• EXERCISE GOAL
Any picture in the data below gets skipped; print all the rest exactly.

• GIVEN INFORMATION
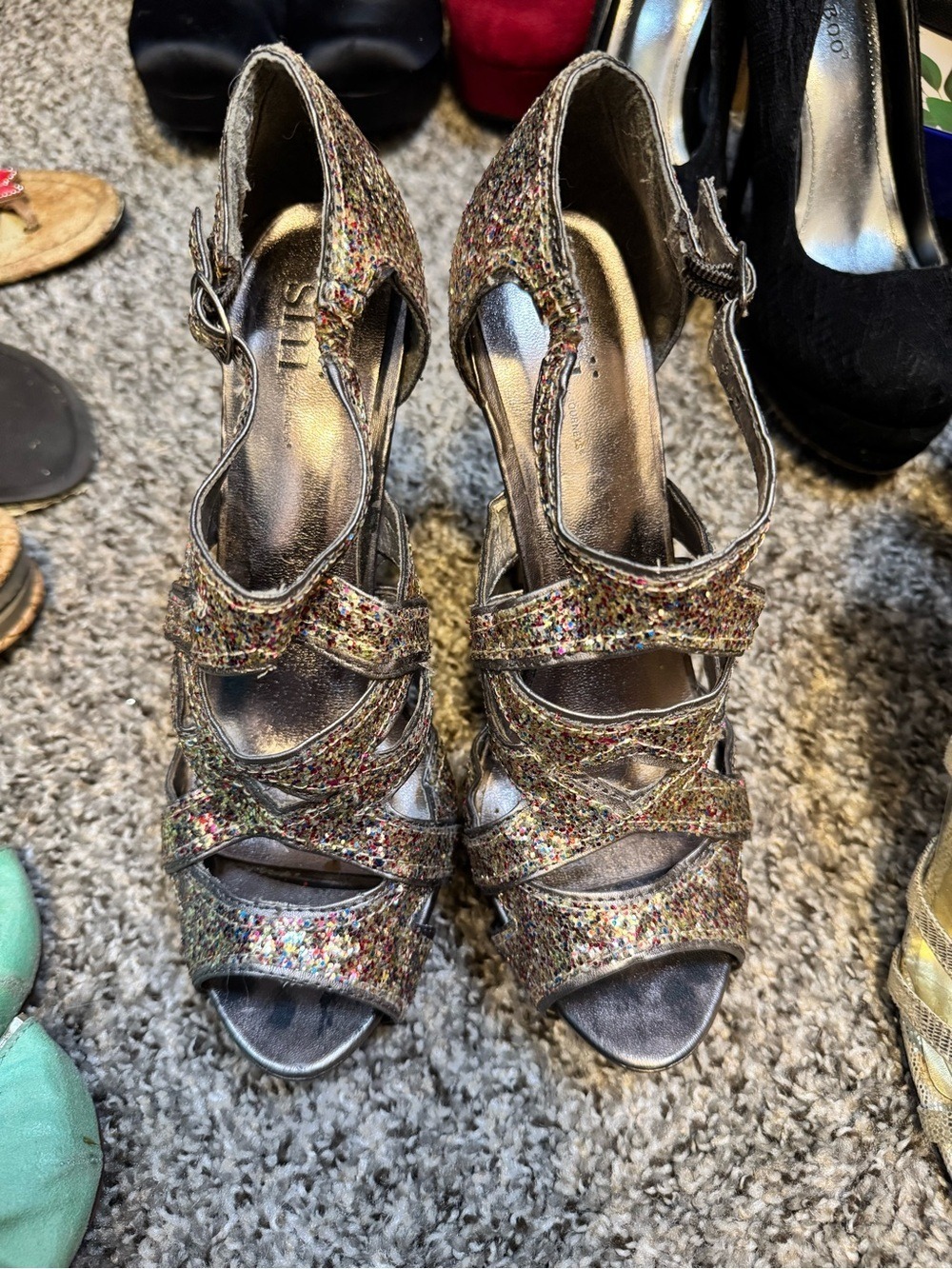 BRONZE GLITTER High Heels Size 8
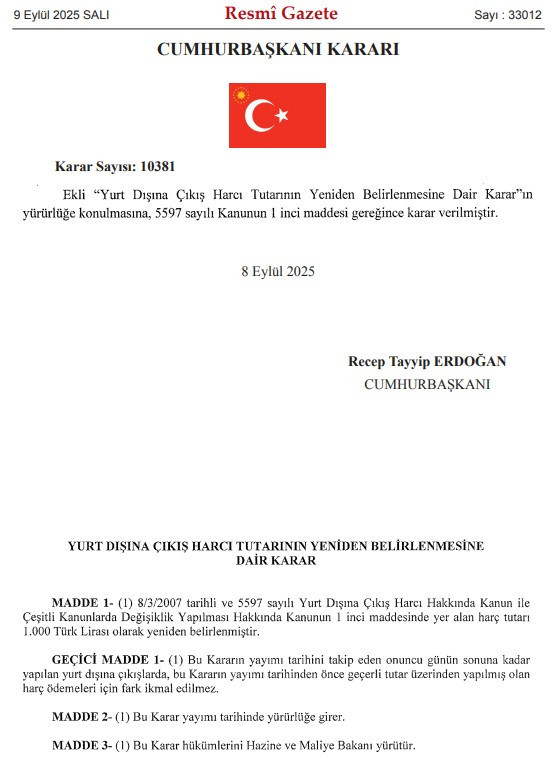 Cumhurbaşkanı Kararı ile Yurt Dışına Çıkış Harcı zamlandı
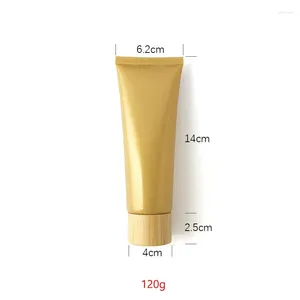 Lagringsflaskor Body Lotion Conditioner Cleansing Bamboo Screw Top PE Squeezable Plastic Cosmetic Tube 100 ml 120 ml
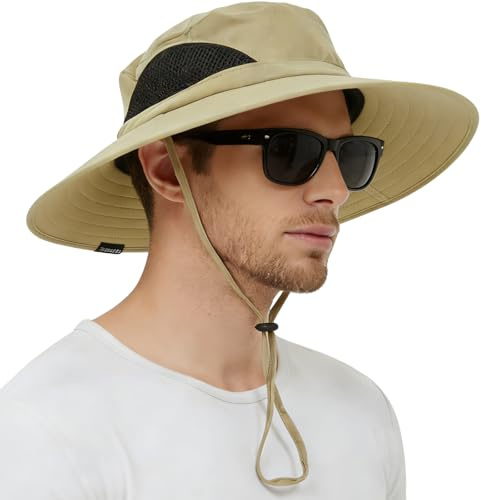 EINSKEY Wide Brim Sun Hat, UPF 50+ UV Protection Waterproof Packable Bucket Hat for Men & Women, Fishing Hiking Beach Garden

• ANSWER AREA
 BRONZE GLITTER High Heels Size 8
 Cumhurbaşkanı Kararı ile Yurt Dışına Çıkış Harcı zamlandı
 Lagringsflaskor Body Lotion Conditioner Cleansing Bamboo Screw Top PE Squeezable Plastic Cosmetic Tube 100 ml 120 ml
 EINSKEY Wide Brim Sun Hat, UPF 50+ UV Protection Waterproof Packable Bucket Hat for Men & Women, Fishing Hiking Beach Garden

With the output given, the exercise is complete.